(1 week, 1 day ago)
Lords ChamberMy Lords, I rise to speak to Amendments 153, 201, 217 and 241, in the name of the noble and learned Lord, Lord Etherton, who cannot attend the Committee today. I know the whole Committee will join me in wishing him well. These amendments seek to limit the financial penalty that local authorities can impose for offences under these clauses. In the absence of the noble and learned Lord, Lord Etherton, I will briefly set out my reasons for supporting his amendments in this group.
I should declare an interest that, as a practising solicitor for over 50 years, I am always concerned about penalties that are outside the judicial process, but my concern increases when the level of financial penalty is as high as is proposed. I agree with the noble and learned Lord, Lord Etherton, that the level of financial penalty set by the Bill is extremely high. A financial penalty of £40,000 would be ruinous for most landlords. According to the Government’s own Property Rental Income Statistics: 2024, the
“average income from UK property remained relatively stable at around £17,000 between 2018 to 2019 and 2022 to 2023”.
Therefore, a £40,000 penalty would, in effect, represent more than double the rental income of an average property.
In certain egregious cases, a penalty of that severity may seem appropriate, but those cases can be dealt with by the courts. We must ask ourselves what effect this new level of financial penalty that can be imposed by local authorities will have on landlords today.

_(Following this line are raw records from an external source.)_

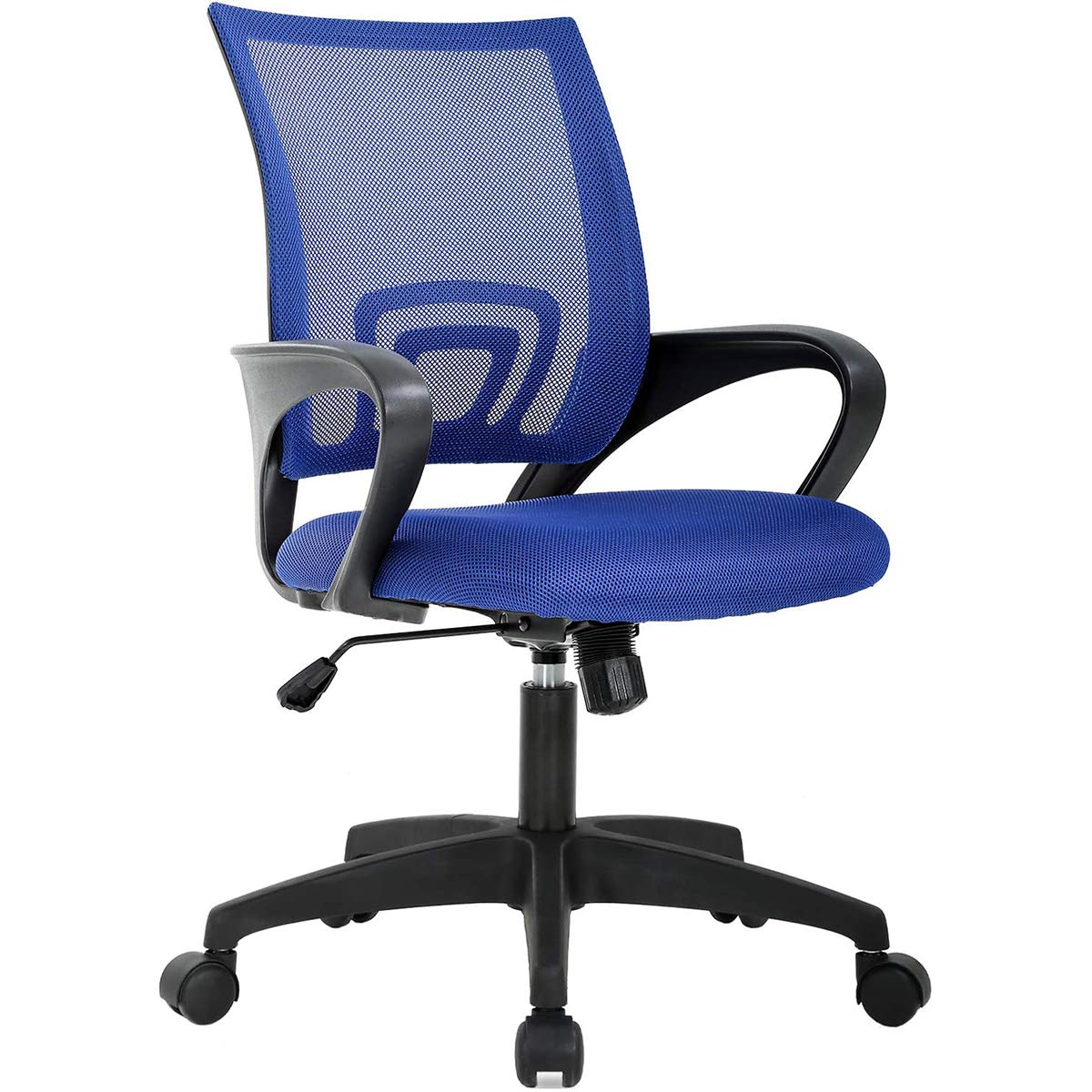 Ergonomic Office Chair with Lumbar Support - Mesh Computer Desk Chair, Mid Back Swivel Task Chair with Adjustable Armrests for Home & Office Use - Comfortable Blue Work Chair for Long Hours Sitting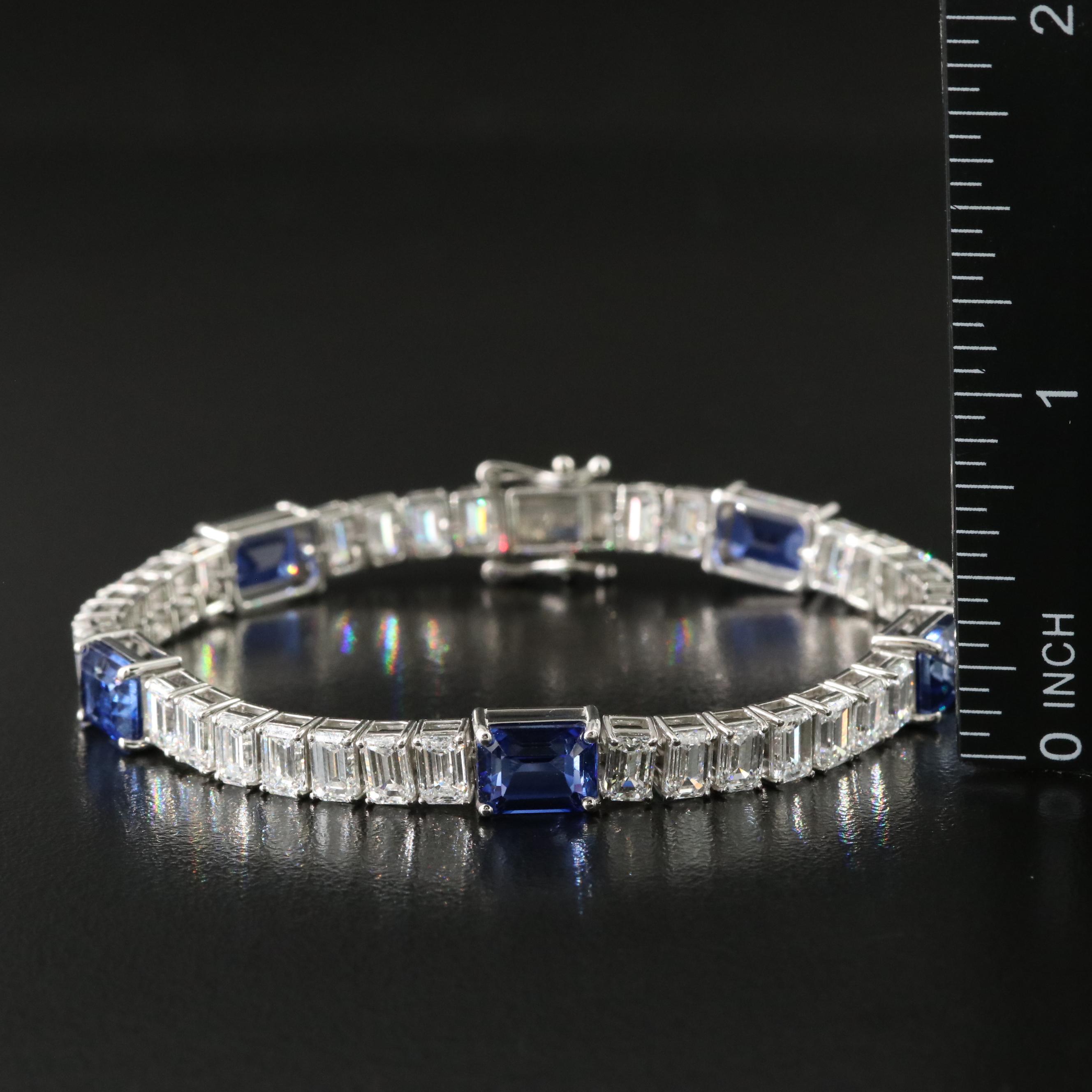 Platinum 11.01 CTW Sapphire and 11.88 CTW Lab Grown Diamond Station Bracelet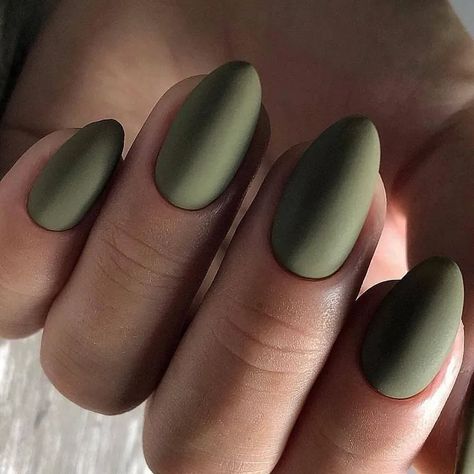 Would make a nice fall OR Christmas design! Oval Fall Nails, Short Oval Nails Fall, Matte Green Nails, Matted Nails, Fall Nails 2023, Short Oval Nails, Olive Nails, Matte Acrylic Nails, Green Acrylic Nails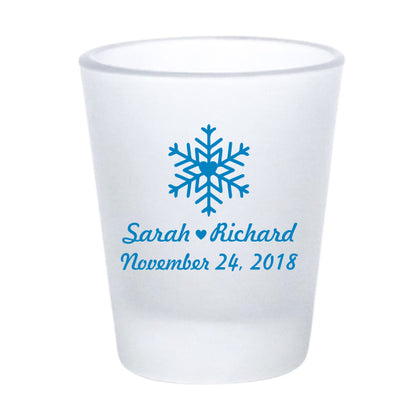 Frosted snowflake shot glasses, personalized winter wedding favors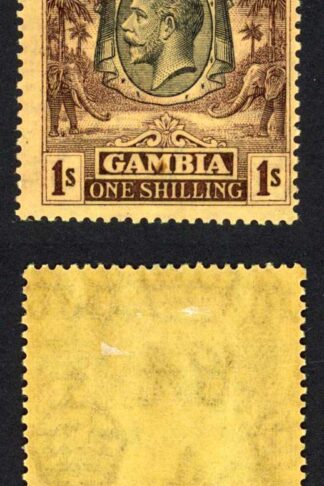 Gambia SG134a 1/- Blackish purple/yellow-buff M/M Cat 70 pounds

We have serious concerns that the risk of a large financial penalty being imposed may encourage existing landlords to leave the sector and discourage new landlords from entering it. A more reasonable level of financial penalty would prevent that chilling effect.

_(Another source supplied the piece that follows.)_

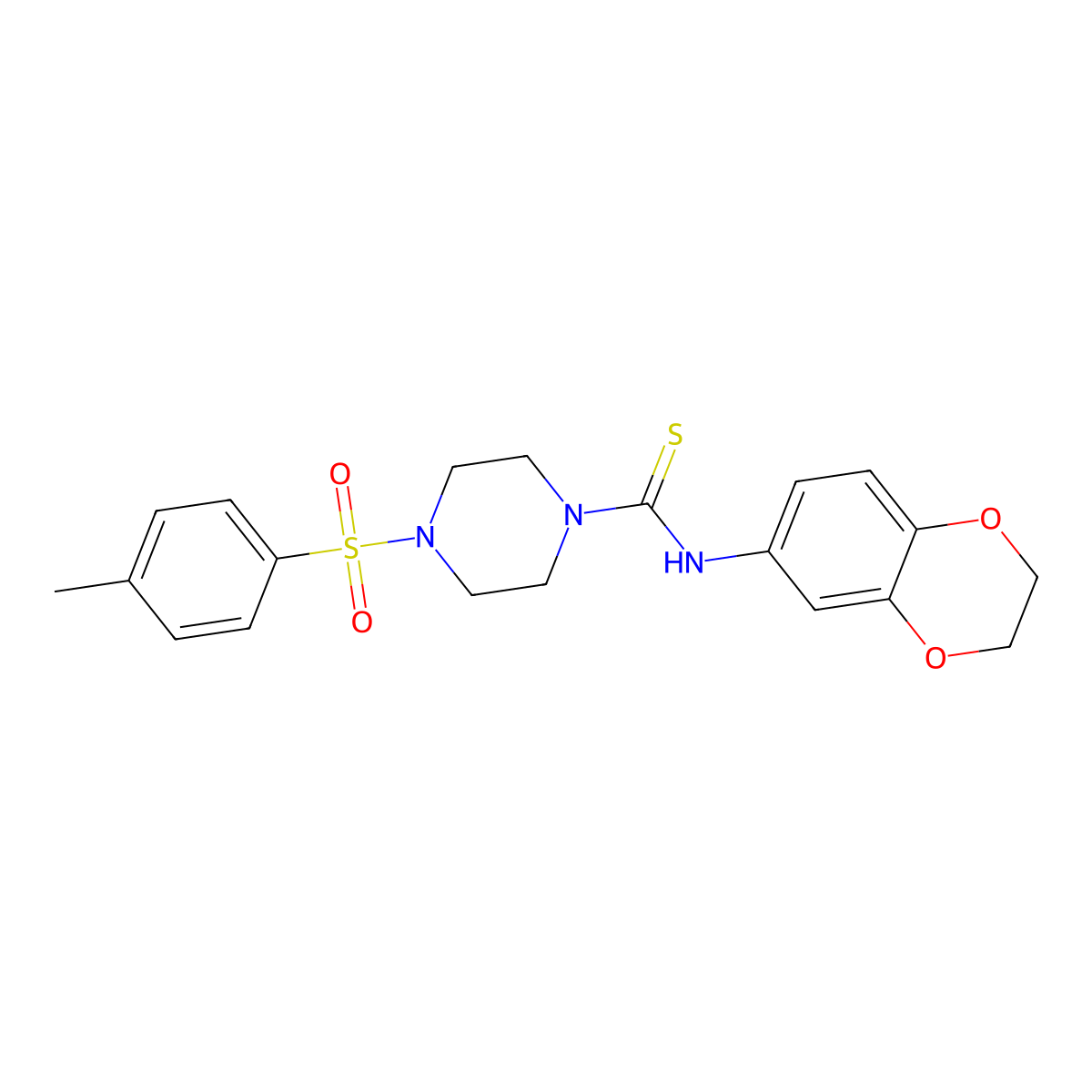 N-(2,3-dihydro-1,4-benzodioxin-6-yl)-4-[(4-methylphenyl)sulfonyl]piperazine-1-carbothioamide molecular structure, CAS 724749-69-3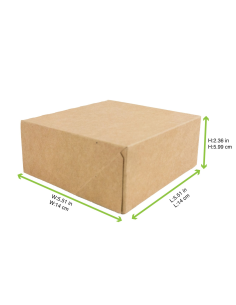 50 Pcs - Boîte pâtissière carton kraft brun - 14 x 14 cm, Hauteur: 6 cm 2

I have carefully heard the words of my noble friend Lord Jamieson on the Front Bench, and I know that my noble friend Lady Scott of Bybrook, also on the Front Bench, will surely agree with the noble and learned Lord, Lord Etherton, on this and consider the warning that we have given. Of course we accept that the Government will have their Bill, which should be effective in delivering its objectives, but we are seriously concerned and worried about the impact that these excessive financial penalties will have on the rental market.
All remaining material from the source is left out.